* Problem to work on
I need the lines from the one containing "Villa, 4 Yatak Odası, Şömine" through the last line of the entries retyped exactly, with no pictures among them.

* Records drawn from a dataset
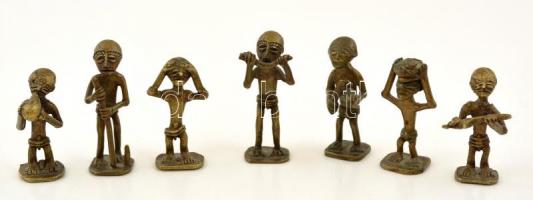 Bronz afrikai figura, 7 db, m: 5 és 6 cm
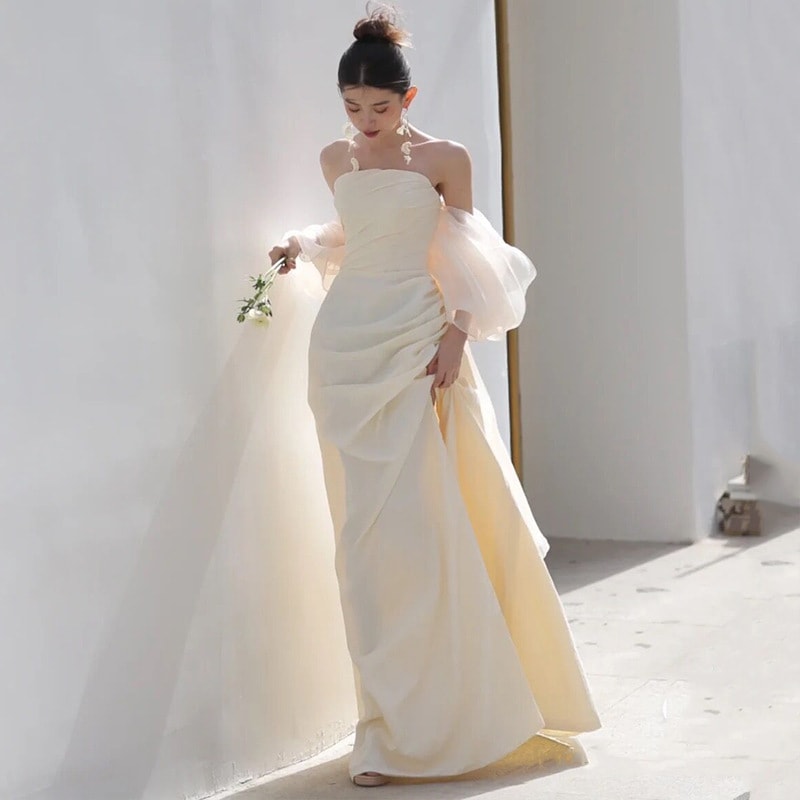 真っ白い婚礼の儀お召しもの、婚礼の儀、花嫁御寮、成年者式、誘い出す状、婚礼の儀、音楽会、彼者誰時寄り合い、寄り合いお召しもの、一緒になる前第八芸術映画化、お召しもの、ロングスコート B-A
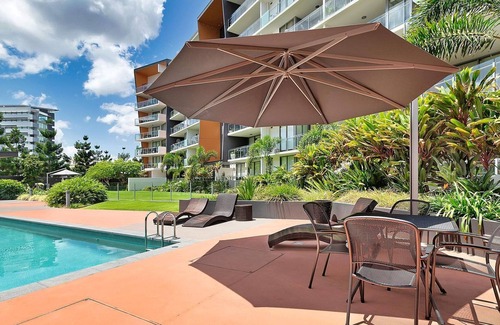 Kangaroo Point Apartment | Tope Floor Two Bedroom Unit with Wifi & Parking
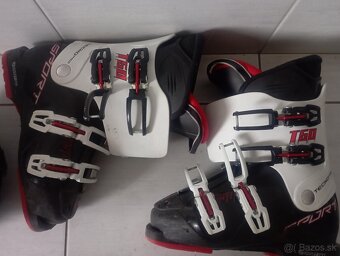 Lyžiarky, helma okuliare - 2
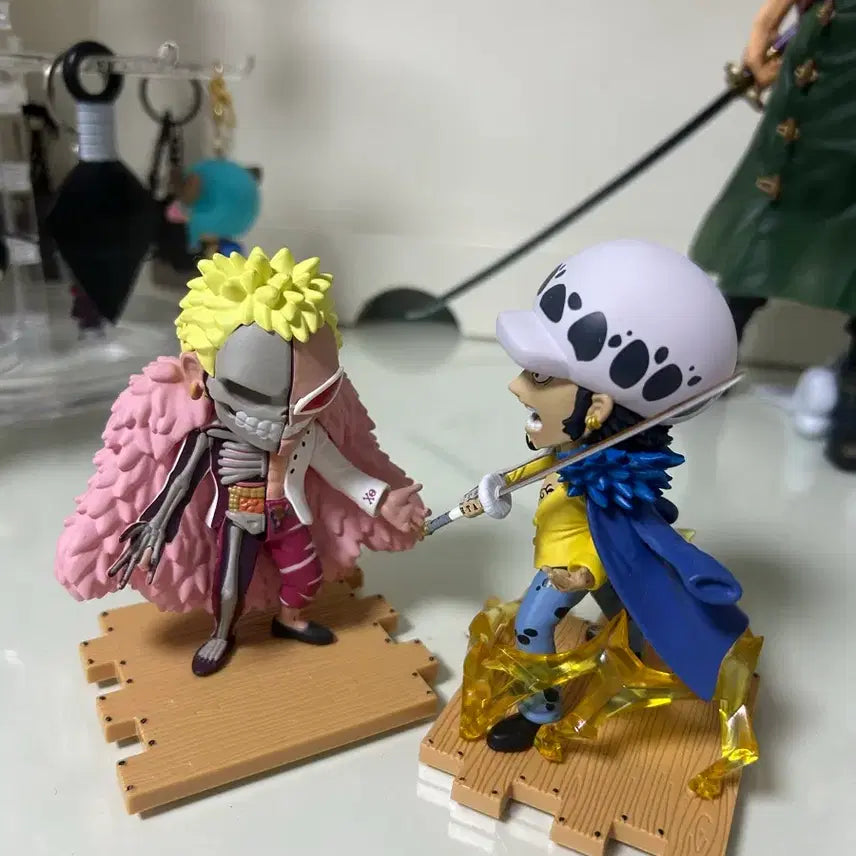 [BUNJANG] One Piece Law &amp; Doflamingo Figures Bundle Set / 급전) 로우 도플라밍고 피규어 일괄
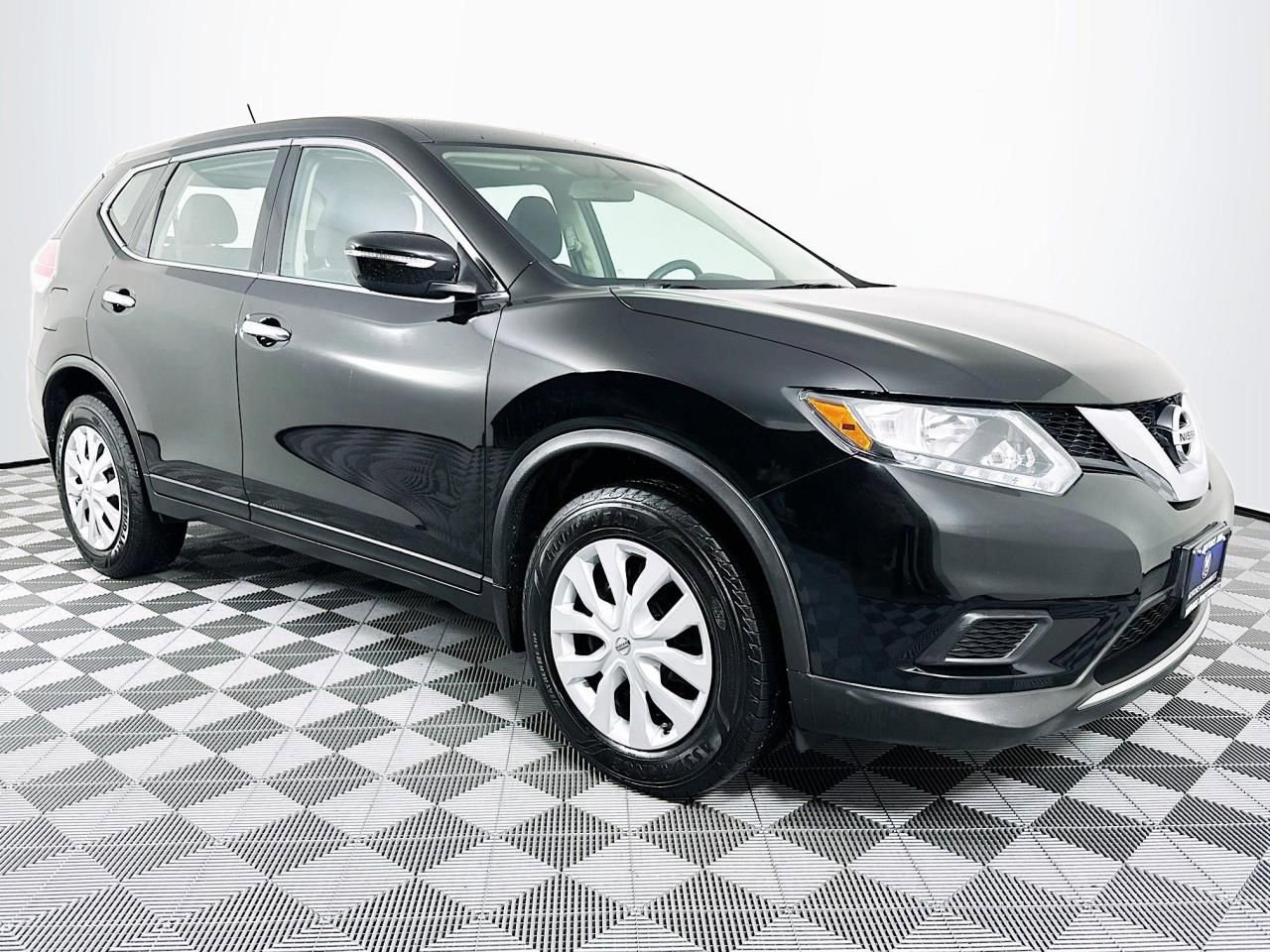 Used 2015 Nissan Rogue S image 27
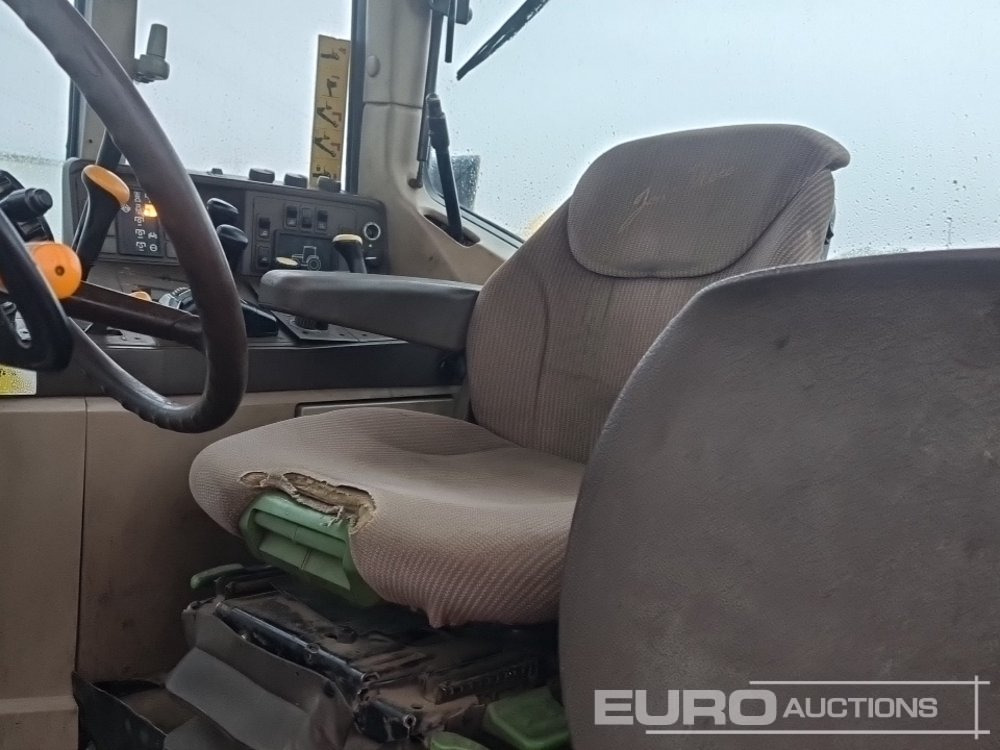 Tractor John Deere 6810: foto 29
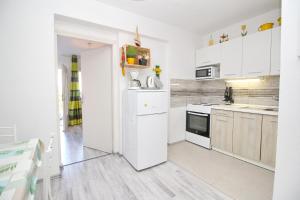 Apartments and rooms with parking space Baska, Krk - 19215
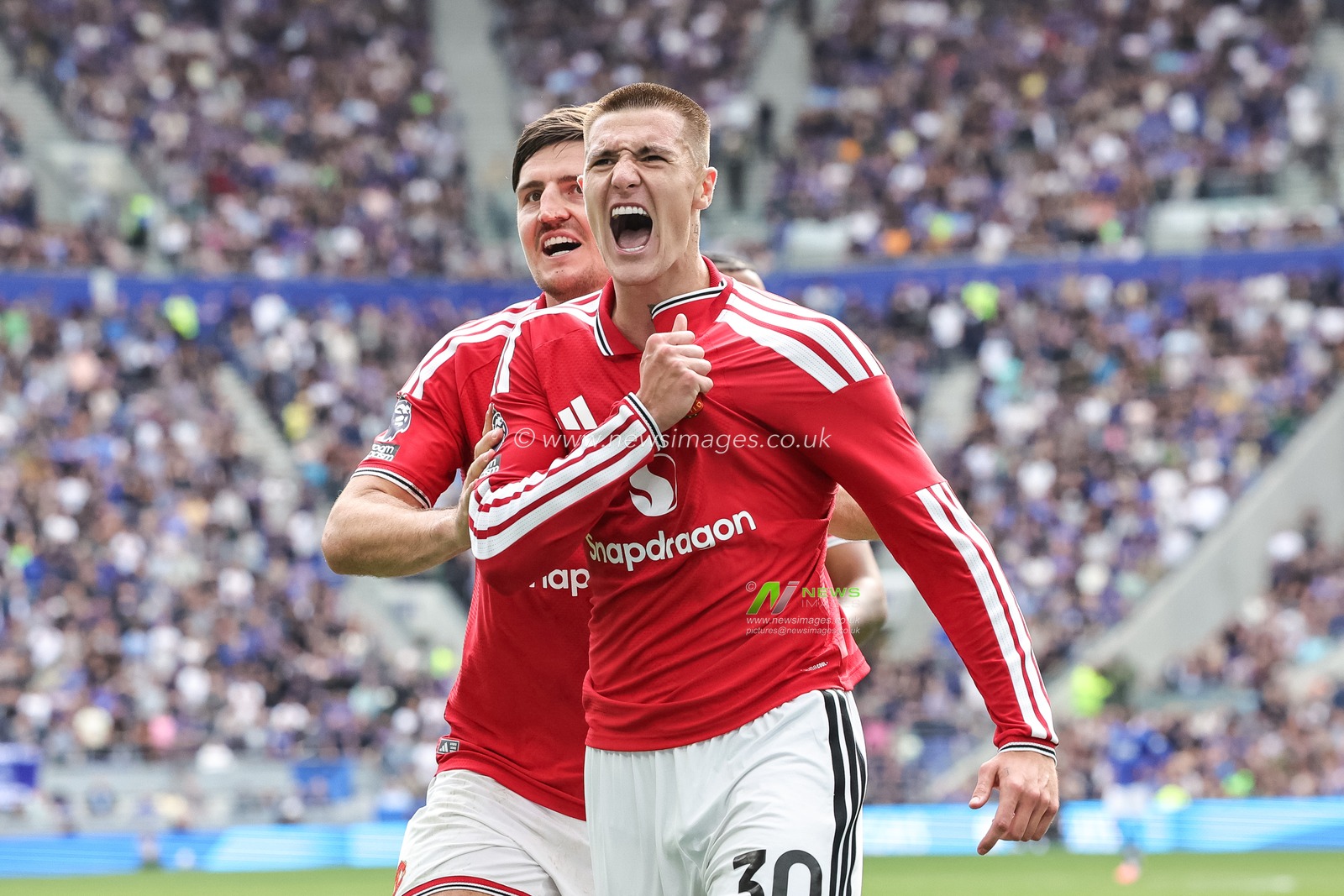 Benjamin Sesko of Manchester United scores to make it 0-2 during the Premier League match Everton vs Manchester United at Hill Dickinson Stadium, Liverpool, United Kingdom on 06 September 2026

(Photo by Mark Cosgrove/News Images)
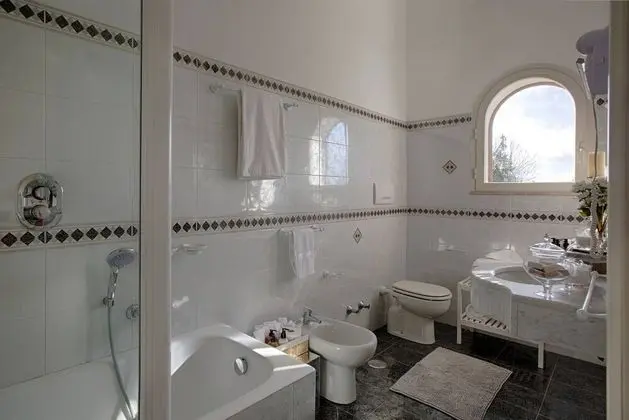 Villa, 4 Yatak Odası, Şömine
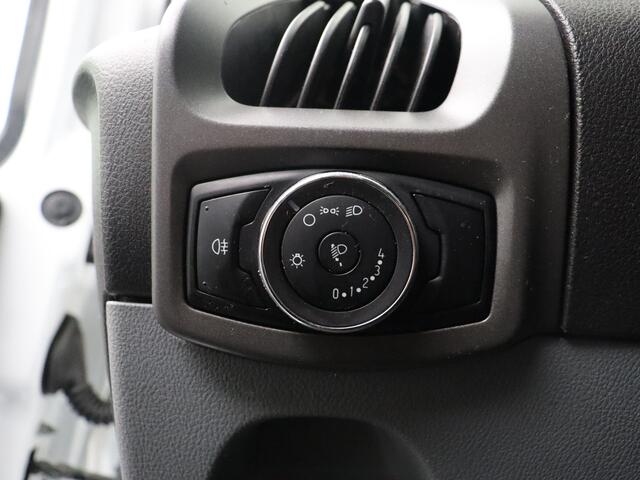 Ford TRANSIT CUSTOM 2.2TDCI Lang Imperiaal | Trekhaak | Airco | Cruise | Betimmering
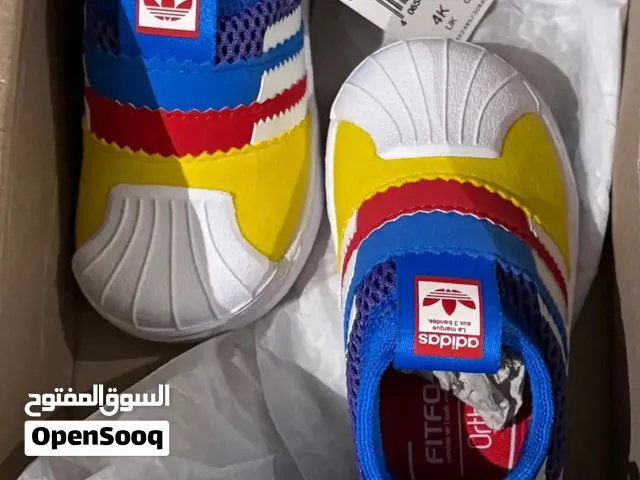 حذاء سنيكرز ملون من اديداس
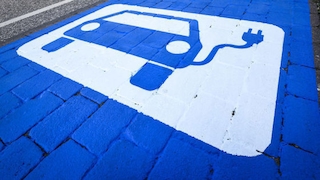 Elektroautos: Stromkosten an Ladesäulen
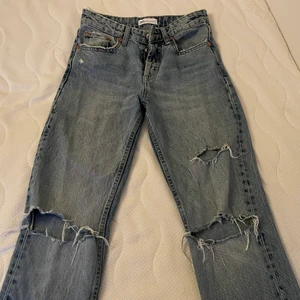 Zara jeans - Jättesnygga midrise jeans med hål vid knäna från zara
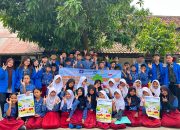 Mahasiswa UBSI Ajak Siswa SDN Cibalongsari Terapkan Gotong Royong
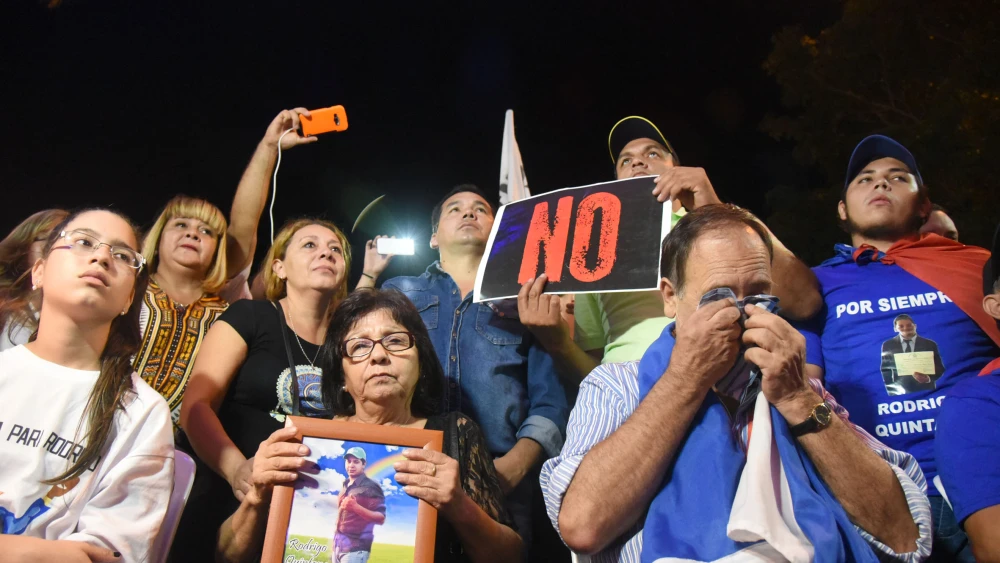 Impulsan pensión graciable para la madre de Rodrigo Quintana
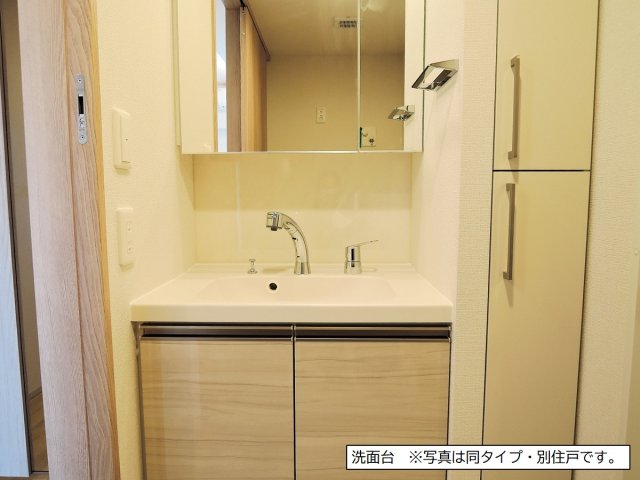 洗面設備　身支度に便利な洗面台♪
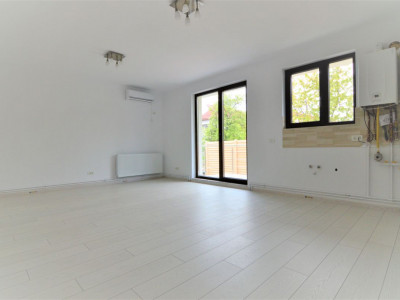 OTOPENI - ULTRACENTRAL, APARTAMENT NEMOBILAT CU GRADINA IN BLOC TIP VILA!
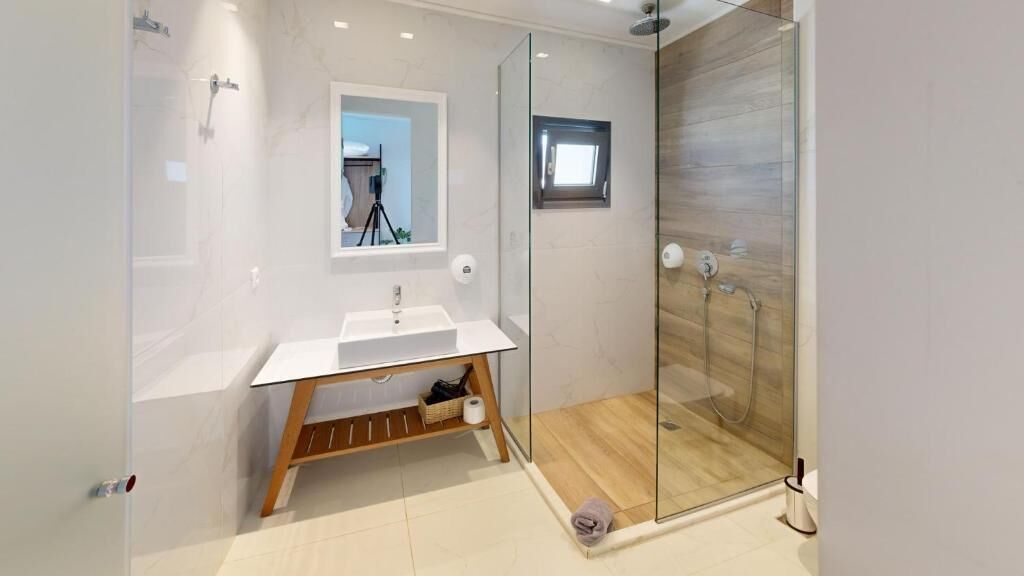 Panoramic Studio Suite, Balcony | Bathroom | Shower, rainfall showerhead, eco-friendly toiletries, hair dryer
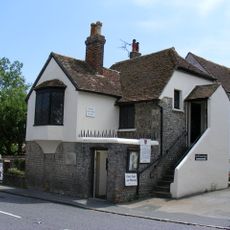 The Court House And Wallby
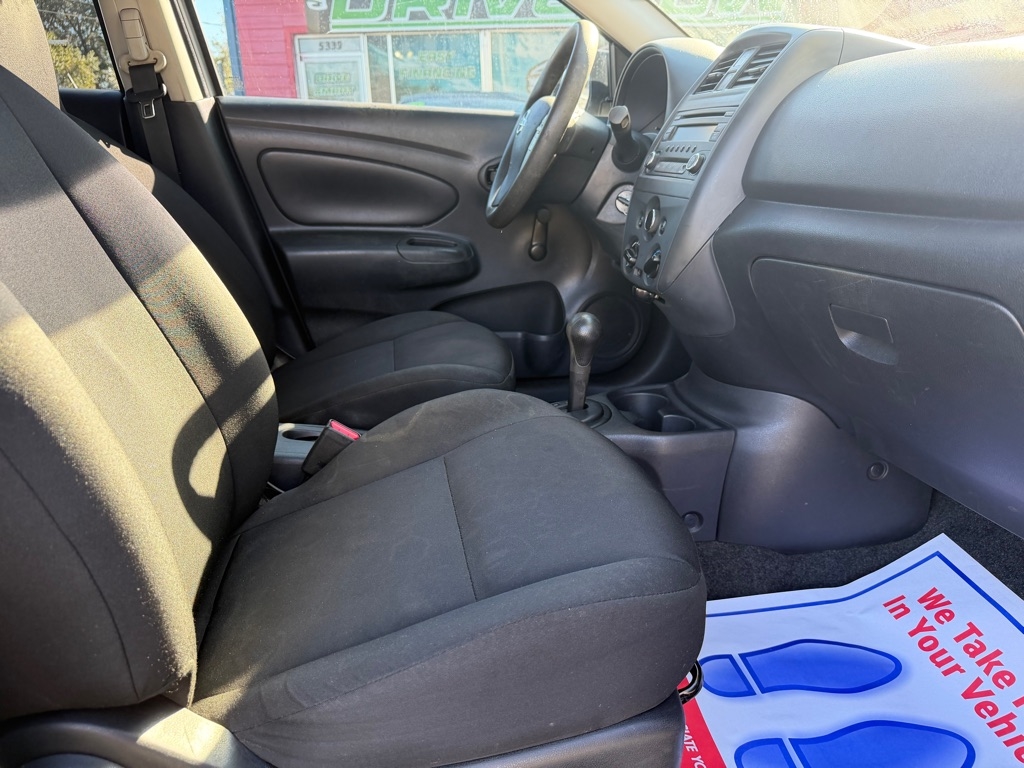 Nissan Versa 1.6 S 5M 2015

* Output for this exercise
 Villa, 4 Yatak Odası, Şömine
 Ford TRANSIT CUSTOM 2.2TDCI Lang Imperiaal | Trekhaak | Airco | Cruise | Betimmering
 حذاء سنيكرز ملون من اديداس
 Elektroautos: Stromkosten an Ladesäulen
 Zara jeans - Jättesnygga midrise jeans med hål vid knäna från zara
 Mahasiswa UBSI Ajak Siswa SDN Cibalongsari Terapkan Gotong Royong
 Impulsan pensión graciable para la madre de Rodrigo Quintana
 洗面設備　身支度に便利な洗面台♪
 OTOPENI - ULTRACENTRAL, APARTAMENT NEMOBILAT CU GRADINA IN BLOC TIP VILA!
 Panoramic Studio Suite, Balcony | Bathroom | Shower, rainfall showerhead, eco-friendly toiletries, hair dryer
 The Court House And Wallby
 Nissan Versa 1.6 S 5M 2015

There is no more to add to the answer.